No, in fact, they do not.


At best, so-called “public” schools have to take all children in a particular geographic area, although they can and do expel children based on their behavior. They are more appropriately termed “district schools” because they serve residents of a particular district, not the public at large. Privately owned shopping malls are more “public” than district schools.

This wouldn’t be a serious problem if every district school offered a quality education, but they do not. Rather, the quality of education that the district schools provide tends to be highly correlated with the income levels of the residents of those districts. As Lindsey Burke of the Heritage Foundation and I noted last year, our housing-based system of allocating education leads to severe inequities:  

There is a strong correlation between these housing prices and school performance. In nearly all D.C. neighborhoods where the median three-bedroom home costs $460,000 or less, the percentage of students at the zoned public school scoring proficient or advanced in reading was less than 45 percent. Children from families that could only afford homes under $300,000 are almost entirely assigned to the worst-performing schools in the District, in which math and reading proficiency rates are in the teens.

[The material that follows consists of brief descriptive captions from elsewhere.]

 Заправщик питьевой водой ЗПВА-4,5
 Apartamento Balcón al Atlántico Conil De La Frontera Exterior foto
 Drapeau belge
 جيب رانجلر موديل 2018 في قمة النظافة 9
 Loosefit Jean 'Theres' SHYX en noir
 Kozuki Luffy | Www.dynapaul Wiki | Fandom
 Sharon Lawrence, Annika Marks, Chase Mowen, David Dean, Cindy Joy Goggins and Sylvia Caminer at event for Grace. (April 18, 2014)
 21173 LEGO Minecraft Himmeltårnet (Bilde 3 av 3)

Not surprisingly, some parents feel desperate when their kids are trapped in subpar schools because they can’t afford to live in ritzy neighborhoods or pay private school tuition. And some of those desperate parents will provide fake addresses to get their children a better education.

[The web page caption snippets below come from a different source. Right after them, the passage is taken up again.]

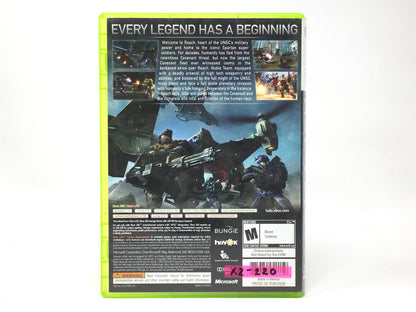 Halo: Reach • Xbox 360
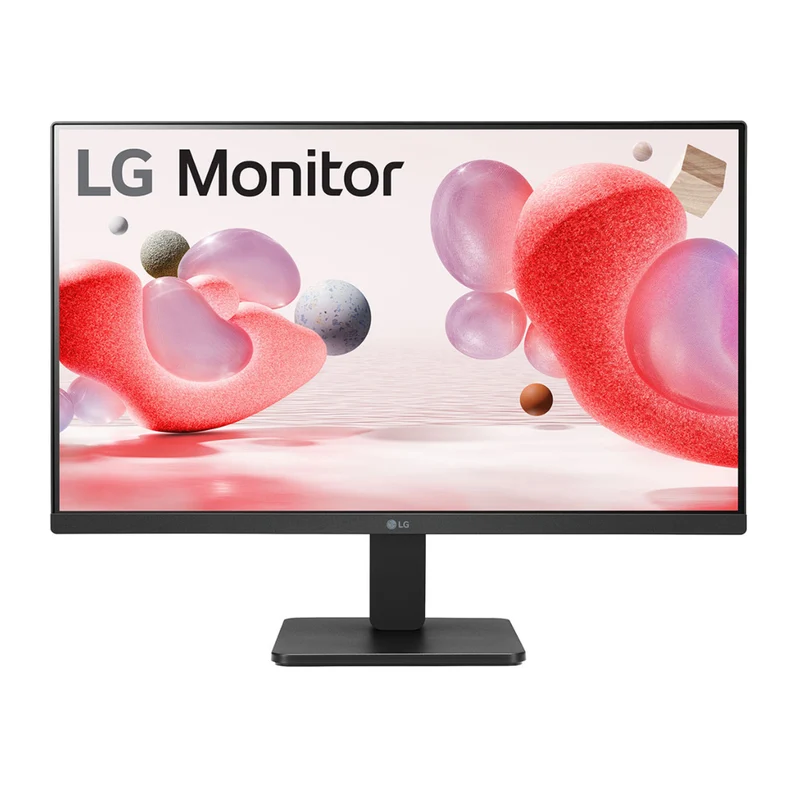 LG Monitor 23.8" Gaming FHD, 24MR400-B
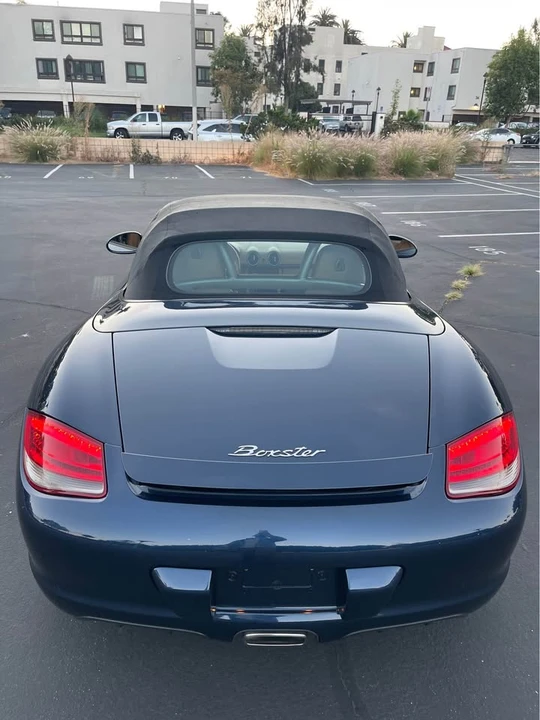 2011 Porsche 987 Boxster - Image 15 of 20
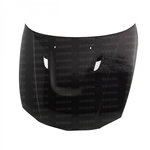 BM-STYLE CARBON FIBER HOOD FOR 2008-2013 BMW E82 1 SERIES  1M COUPÉ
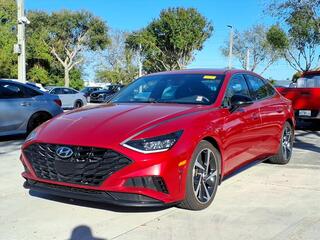 2021 Hyundai Sonata for sale in Riviera Beach FL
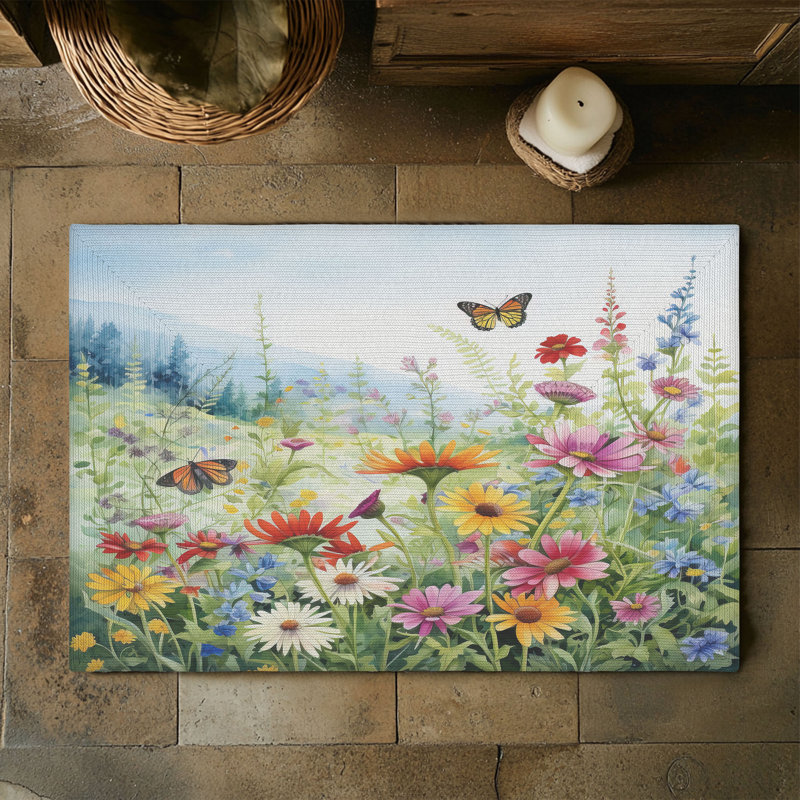 Clergé, Rectangulaire 3 pi x 5 pi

In Florida, the Broward County School Board announced this week that it is hiring private investigators to spy on the addresses the school suspects of being fake. As the Sun-Sentinel reports, the private eyes will “monitor a home and then give school officials photographs, videos and a detailed report.”

Fraudulent registration has long been an issue. Parents, believing their child will get a better education at a school outside their assigned boundary, list a relative or friend’s address, provide a fake address or even rent an empty apartment in the area of a preferred school.

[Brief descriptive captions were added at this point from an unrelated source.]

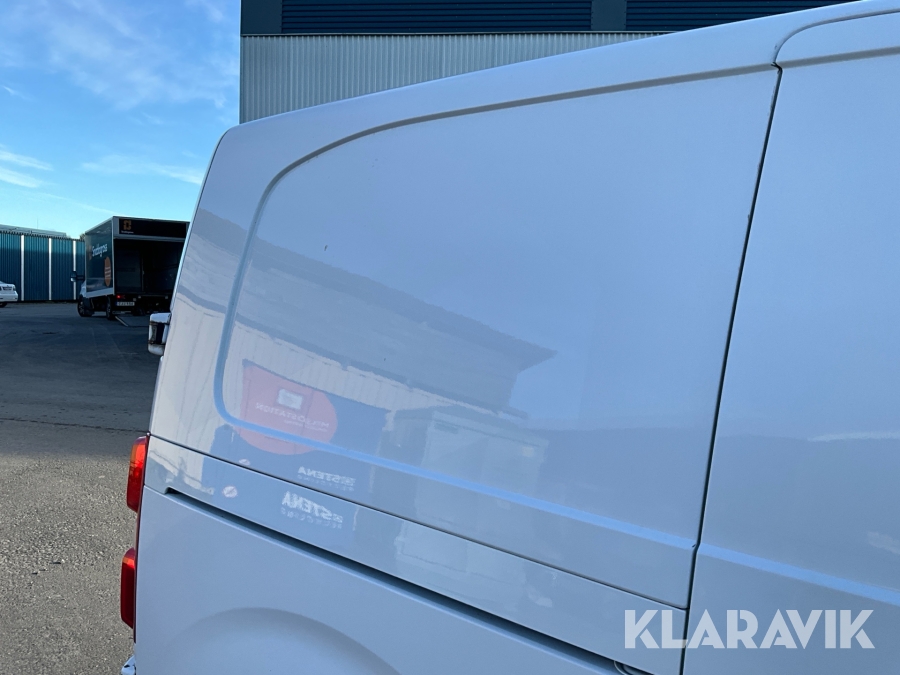 Skåpbil Peugeot Expert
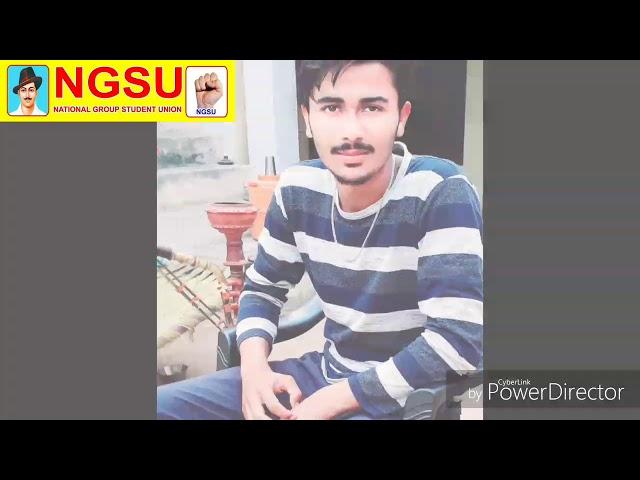 ELECTION SONG | NGSU GROUP | Latest Punjabi songs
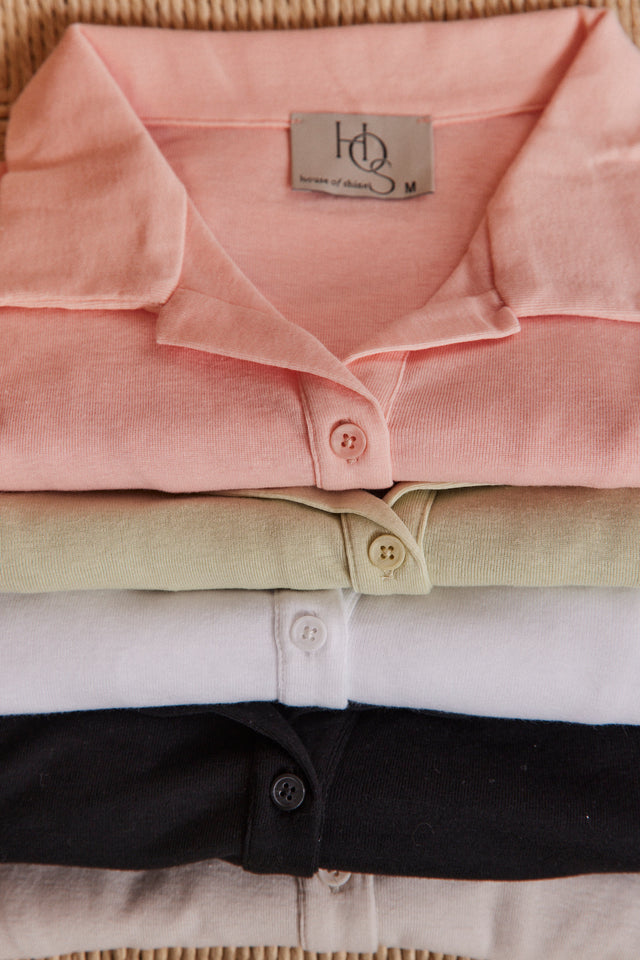 Summer Second Skin Polo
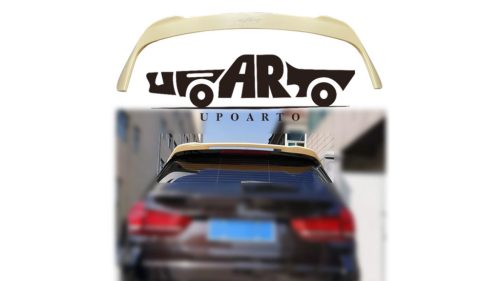 Spoiler BMW X5 F15 Gloss Black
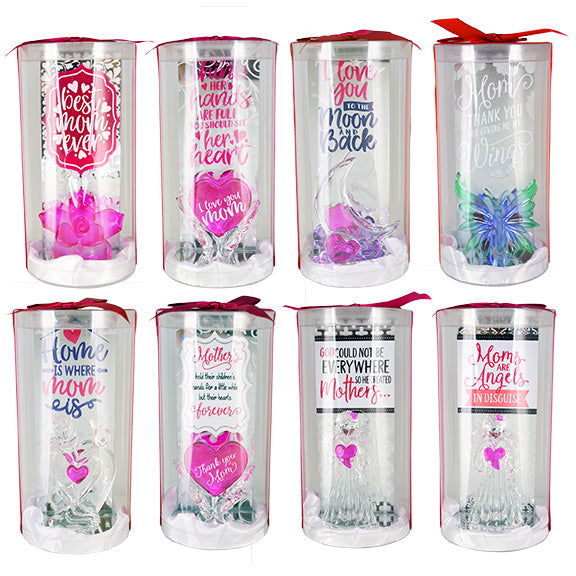 ITEM NUMBER 088183 MOTHER'S DAY FLOOR DISPLAY KIT 33 PIECES PER DISPLAY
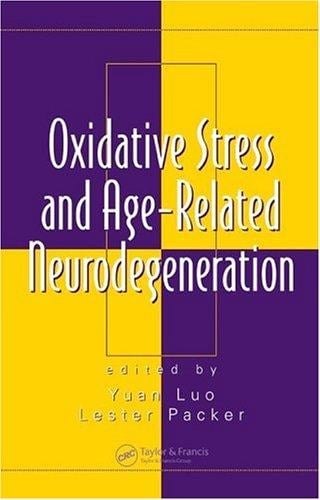 Oxidative stress and age-related neurodegeneration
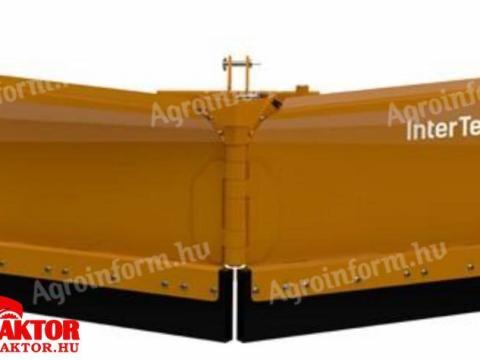 Intertech 2,5 m Hidraulikus hóeke Intertech 2,5 m Hidraulikus hóeke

Doing so can in Broward be prosecuted as a third-degree felony, since parents declare their addresses under penalty of perjury.

It’s unlikely that the district will have the funds to hire private eyes to track every student. One wonders, then, what criteria the district schools will use to determine which students should be surveilled… will they start with students who, shall we say, don’t look like most of the other students in that high-income district?


Broward County is far from unique. Parents nationwide are regularly fined and even imprisoned for stealing a better education for their children. One New Jersey town even offered $100 bounties for information leading to the expulsion of students whose parents lied about their addresses. 


Writing at RedefinED, Nia Nuñez-Brady explained why her parents provided a fake address to get her into a better–and safer–district school: 

One day, while I was using the ladies room, another girl, who was double my size or at least it felt that way at the time, threatened to bash my head on the wall if I didn’t stop hanging out with a guy she liked. Growing up, my dad always told me, “Your face is too pretty to get into a fight.” So, I said to her: “Please don’t hit me. I’ll stay out of your way.”


She laughed. I went back to class, and tried to focus.


The next day, while walking on the hallway at the school, this same girl grabbed another student close to me. She pushed her against the wall and instigated a fight. The difference between myself and this new student: This girl fought back. The bully wasted no time. She grabbed her Snapple bottle, broke it on the wall, and used a piece of glass to slash the student’s face.


I was petrified. That could have been me.

Nia begged her parents to change schools but they couldn’t afford it. They were recent immigrants with little money. But they couldn’t bear to keep their daughter in a school where they feared for her safety. So they lied.

[M]y parents did something thousands of other public-school parents feel forced to do, because they feel they have no other options. They lied about where we lived so I could go to a different school where I would feel safe. […]

Of course, it is understandable residents of districts who have paid taxes into the system would be upset that they are subsidizing the education of children whose parents haven’t paid into the system. And so it’s also understandable that the district schools would seek to exclude students whose parents haven’t paid into the system, just as private schools shouldn’t be expected to educate a child whose parents hadn’t paid tuition. As Nia explains, problem is the system itself:

I understand that perjury is against the law, and that the law should be respected. But from my own experience, I know the parents who lie about their address are often the ones with limited resources, the ones who cannot afford to move to a more affluent neighborhood, the ones who can least afford to pay a fine or fight a felony charge.


I can also understand the families who have been kicked out of a school close to where they live, because the school is overcrowded with students from other neighborhoods. That, too, is unfair.


But that’s the problem. The system is unfair.

Indeed. Getting a decent education should not depend upon the ability of one’s parents to afford an expensive home. It is long past time that we break the link between home prices and school quality. Doing so entails recognizing that there’s no such thing as a “public” school.